My thoughts on the subject of death have crystalized over four decades of adulthood. I now know what I want to have done with my body after I die. Since I am a part-time sailor, if my body is recovered by my family, then cremation is my choice. If my body is lost at sea, then nature will have taken care of it. This brief essay reviews the reasons for my decision.

Tombstones have served an important purpose in the history of man. Many were placed as a sort of “quasi-shrine” for the grieving family to remember and honor the dearly departed. Additionally, they obviously provide a marker of where a body was buried. Further, they provide information on whose body was buried there a well as family connections, sometimes merely by their proximity to other gravesites. People doing research on their ancestors have found headstones to be invaluable sources of information. This is because written records were often not kept, especially in rural communities, or for those without church affiliation. Or they were lost due to fire or other damage. While there is no guarantee the information on a tombstone is accurate, the responsible party at the time likely thought it was.

In America today accurate paper and digital records of the population prevail, often in multiple forms across multiple government agencies.

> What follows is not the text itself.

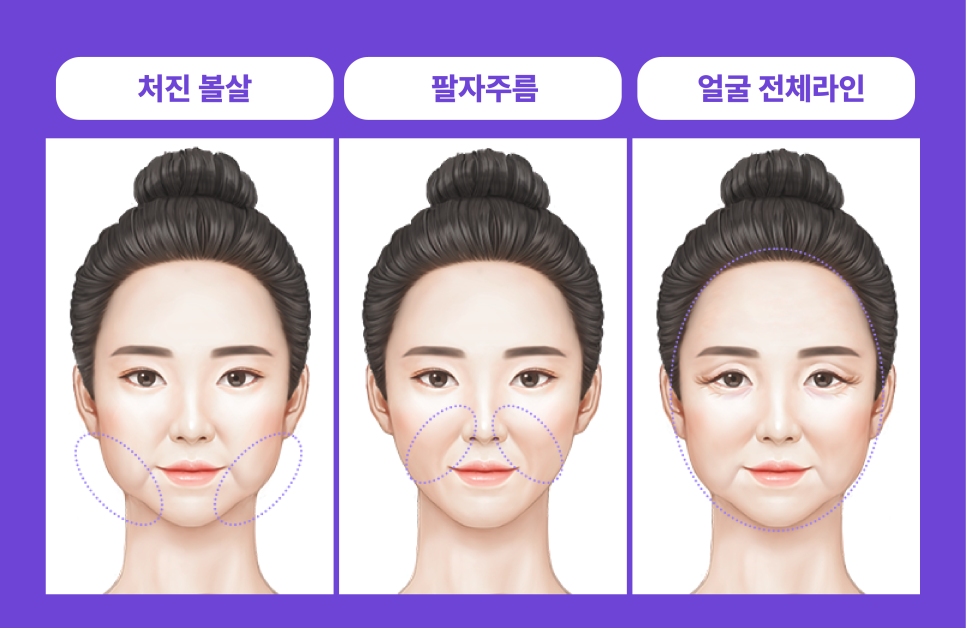 Shinsa Mini Lift, Lifting Plastic Surgery Clinic: Clear Answers to Frequently Asked Questions About Smile Lifting! image 5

So there is no need to have one’s body buried to ensure a headstone will exist as proof of one’s time on earth. If one opts to be cremated and have their ashes scattered, then there is no need to even mark where a body is buried. Lastly, after a few generations have passed, who will come to the quasi-shrine to grieve? To be sure, graves make poor legacies.

As a case in point, I know where my grandparents and my parents are buried. However, I seldom visit their graves. When I do it is to pay my respects – a side effect of the quasi-shrine ritual we all are accustomed to. In the case of my grandparents, while I knew all four of them when I was young, I really didn’t know them well. The thing is, there is nothing I can do now – including visiting their gravesites – that will help me know them better. So why visit their gravesites? Except for showing my progeny where their headstones are located, I have no other reason. My respects have all been paid.

As for my parents, I naturally knew them pretty well. They played a big role in my life, especially when I was growing up. Still, I don’t have a need to visit their gravesite. I think the reason is because throughout my adult life I have treated them well while they were alive. Frankly, now that they are dead I don’t think they have a care in the world. I certainly hope not. Obviously, I’m not religious, nor even very spiritual. I am perhaps a bit cynical, for when I see a person take flowers to a gravesite, I can’t help but wonder if they are doing so to honor the buried, or perhaps just trying to make amends.

I’d like to have my ashes scattered in either Charlotte Harbor (FL) or the Gulf of Mexico. Years ago, I travelled to Australia for a month (a bucket list adventure) and thought I would like to have my ashes scattered over the Great Barrier Reef. Since then, however, I’ve come to visit Charlotte Harbor often and have gotten to know the Gulf of Mexico. I think either one of these would be fine. And if my body is lost at sea, then I’ll end up in the water anyway. As I understand it, isn’t that where we all came from?